The problem is with assuming charge must be biotic. I think this misses the entire point of charge as a power and mechanic; to separate vanguards from biotics.

Think about it. The difference between an adept and a vanguard was that the vanguard A) had shotgun proficiency, B) had fewer powers, and C) had an improved melee attack. Both classes had access to pistol mastery, making perfect accuracy machine gunfire possible. Both classes had throw, warp, lift, making basic biotic field control possible. There was a slight difference, in that the vanguard could aim his shotgun (hahaha it's funny because accurate shotgun) to the adept's singularity and stasis. The difference in actual play was slight. The a guard gets a better close-range gun and better melee power and such, but that doesn't translate to anything more than allowing baguards to be sloppy and letting a Krogan get close so you can punch it.

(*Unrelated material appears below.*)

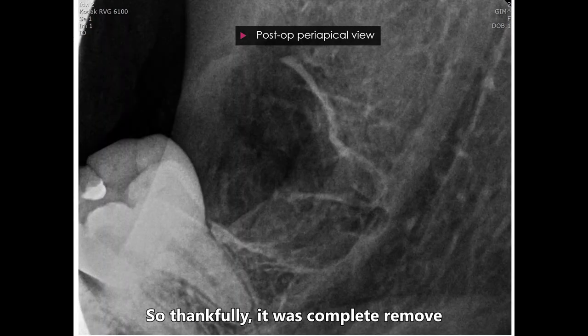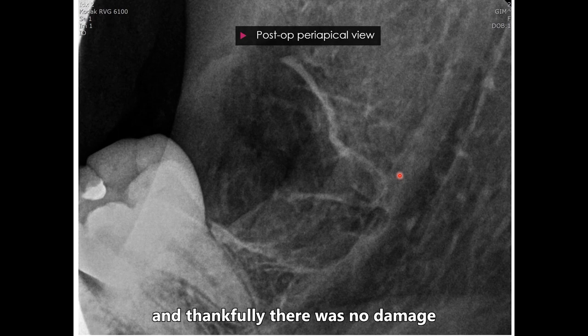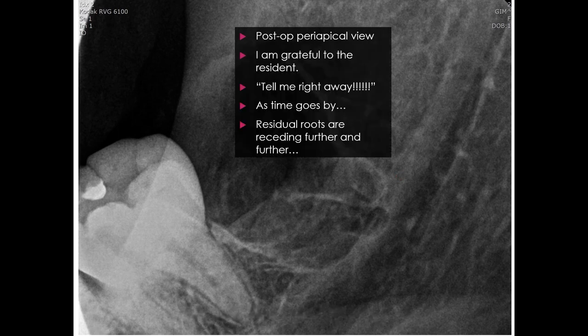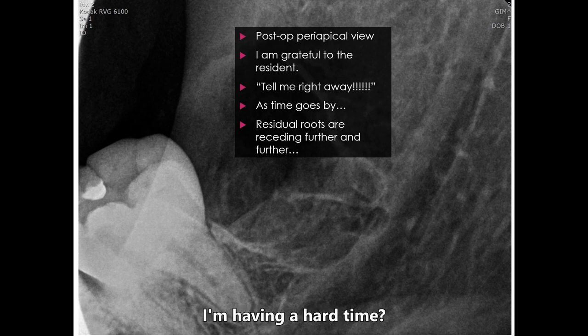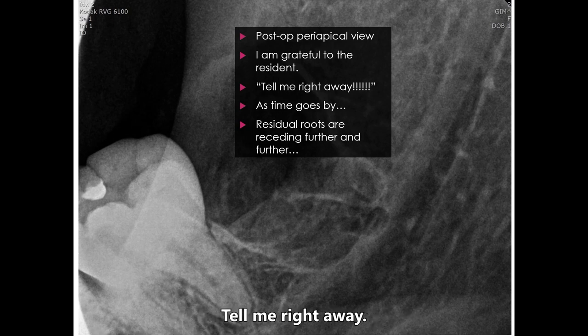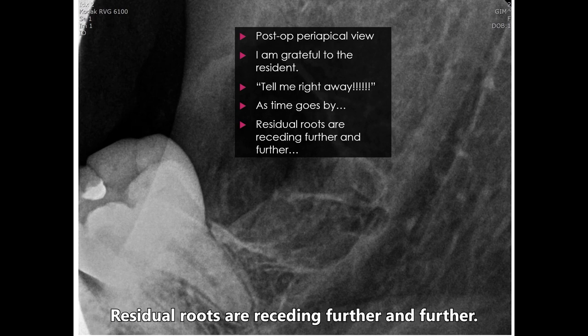Thankfully, it was completely removed and there was no damage to the lingual nerve. I am grateful to the resident — tell me right away. As time goes by, residual roots recede further and further.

So come mass effect 2, they tried to more clearly delineate the classes. The vanguard got a power in line with it's name and concept, allowing it to get up close and personal, fast. The tip of the spear, the first strike, the shock trooper. They also modified weapons for such, giving the shotgun, the vanguard signature weapon, the ability to deal more damage at close ranges. The vanguard was now not just a lazy biotic, a gun crazy adept. He was now his own fully realized class with a purpose to exist. Mass effect three continues this trend.

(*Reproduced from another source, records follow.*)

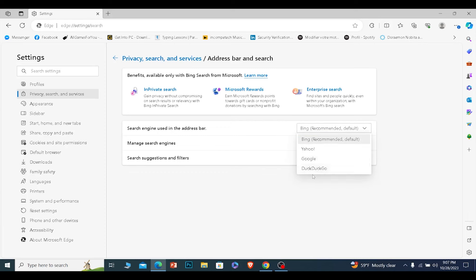Now once you're over here, scroll all the way down to the bottom until you see this option called Address bar and search. Click on this option.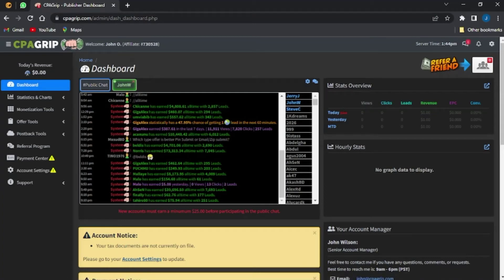What's up guys, welcome back. In this video I'm going to show you how to create a URL file locker on your CPA Group account.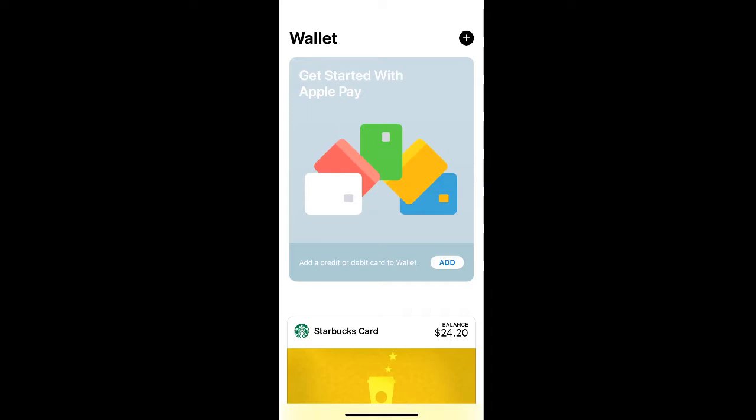If you want to begin using Apple Pay, first go into the Wallet app on your phone. If you have this banner here encouraging you to get started with Apple Pay, you can click the add button in the bottom right corner of the banner or you can select the plus sign in the top right corner of your wallet.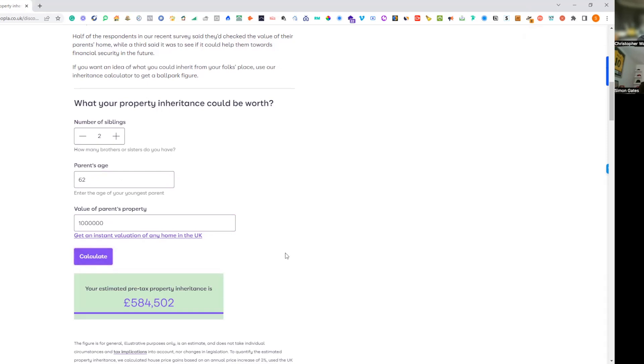Oh wow. So basically they're working on how long your parents are going to live, how much it is, where they'll split it. Yeah. But can you see how these are conversations to have with people?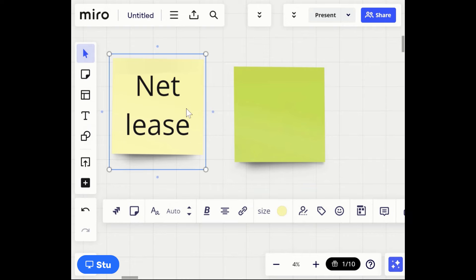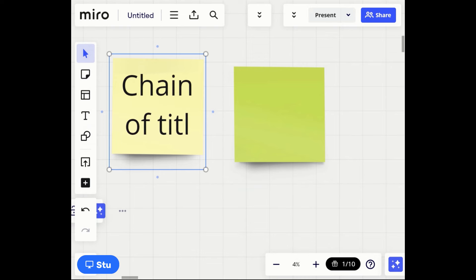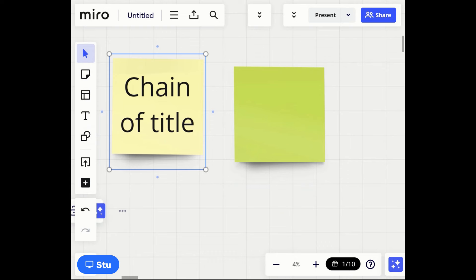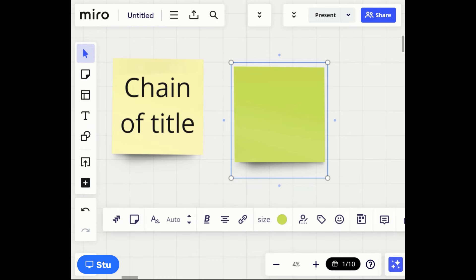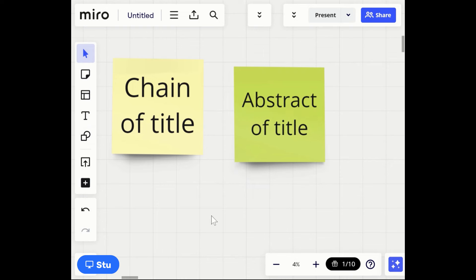Next, let's talk about chain of title. I'm also going to cover abstract of title because people get these two confused. These are actual searches that the title company performs when doing title work for a home. They'll want to know both of these reports because they tell different tales.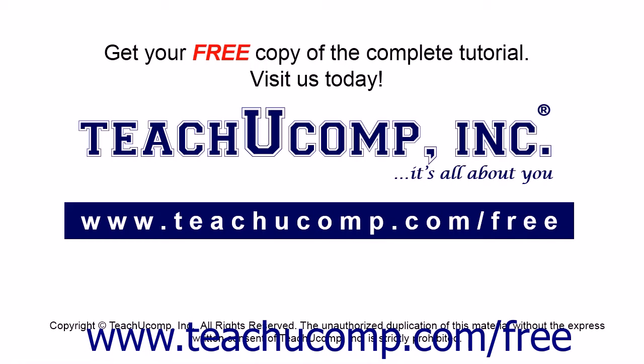Get your free copy of the complete tutorial at www.teachucomp.com/free.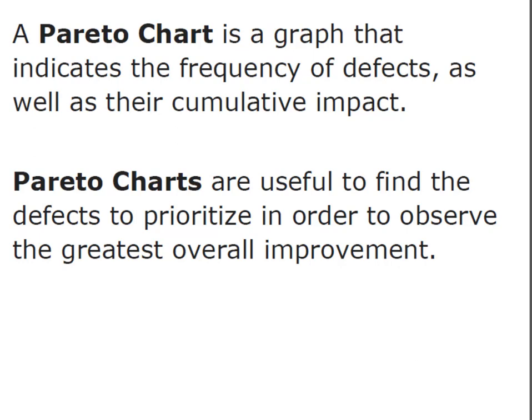We use these types of charts to find the defects in order to prioritize them, and that will allow us to work on the thing that's giving us the most trouble first and help us see the greatest overall improvement in the shortest amount of time. It generally follows this 80-20 rule. In other words, 80% of my problems come from 20% of my causes.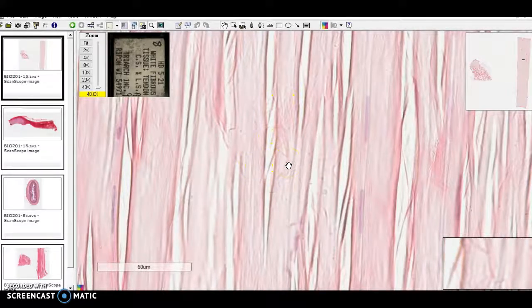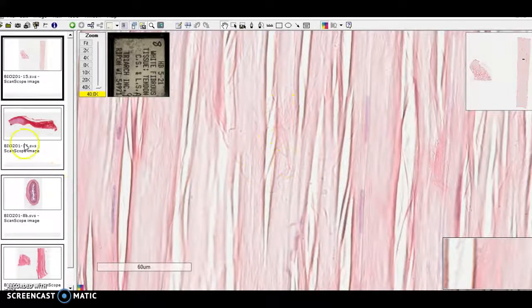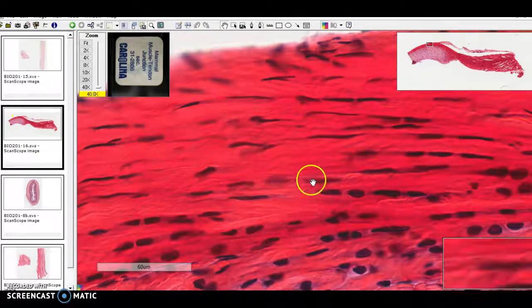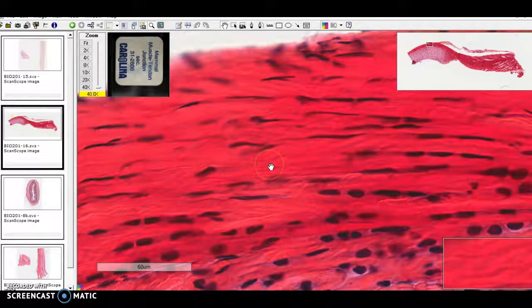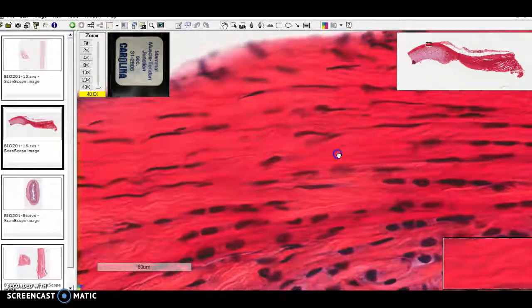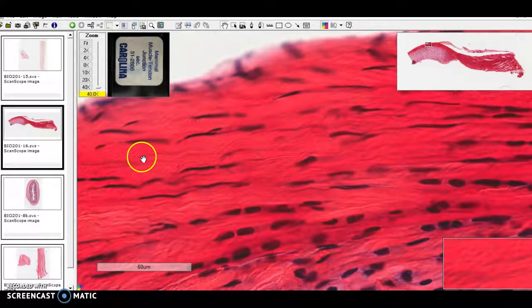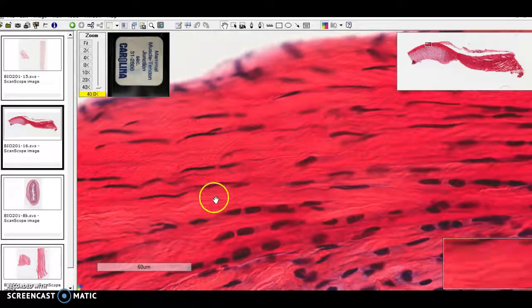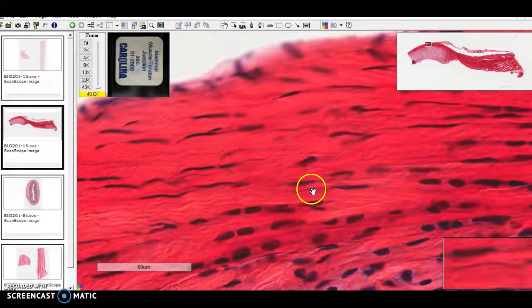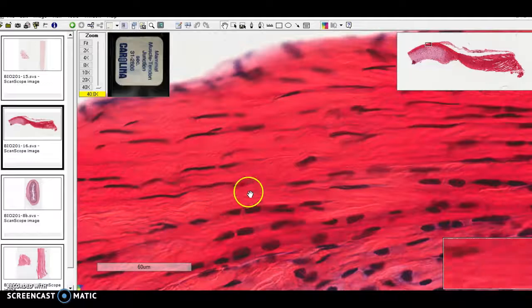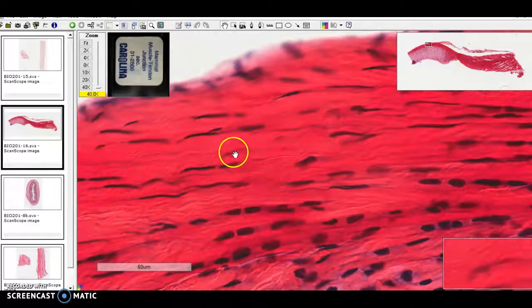Now there's one other stain for dense regular connective tissue. It might end up looking like this. This is a little less fibrosy looking, doesn't have that smooth cytoplasmic look that the smooth muscle had.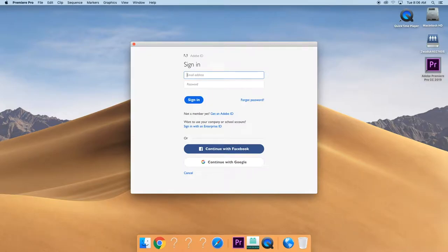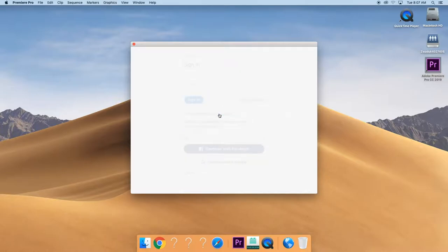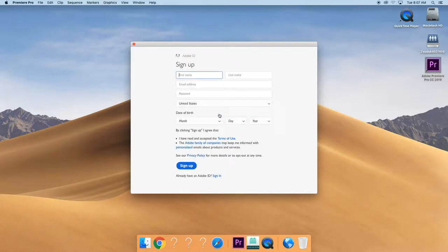Once this box pops open, then you are going to click Get an Adobe ID. Click that and then Sign Up.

The vanguard is not "a biotic with a shotgun", it's a close-quarters combat expert with biotic supplementation (just like the infiltrator wasn't supposed to be a sniper-carrying engineer, he was supposed to be an infiltrator). That is what is important to a vanguard; close quarters combat and the means to take the fight to the enemy. If you follow this, you get the slayer, the battlemaster, the havoc, the human vanguard, even the Phoenix vanguard— rush ye sorry sonofabitch and destroy them.

Thinking "A vanguard has to be biotic" misses the point entirely, just like thinking "Starwars is force powers and light saver fights" missed the point entirely in Starwars. It's a correlate but not causative; almost a coincidence. Think "Biotics = Vanguard" is why we have the Asari and Drell vanguards. Except the reason they picked Asari and drell and not, say, salarian and Turian is because the Asari and drell at least both have excellent CQC traits; the Drell martial arts, dodge an DR working rather well and the Asari heavy smash area attack both somewhat fulfilling the idea in letter, if not in spirit.

biotic charge is only biotic because the ME1 vanguard was a biotic and that didn't need to change. But now that they are exploring every avenue of the Galaxy and Setting, they don't need to limit themselves to the Systems Alliance, to Shepard hirself. It's easy to misconstrue "Shepard, the singular example of human vanguards and a poster child for the alliance military must represent all an guards across time and space" but it's a faulty assumption.

They aren't phasing out the classes or biotics or anything, and they aren't dispensing with the class system. They are using it property and no longer making stupid mistakes because "well, heard the vanguard is a biotic, and we don't need to actually look at the justification for the class or it's lore."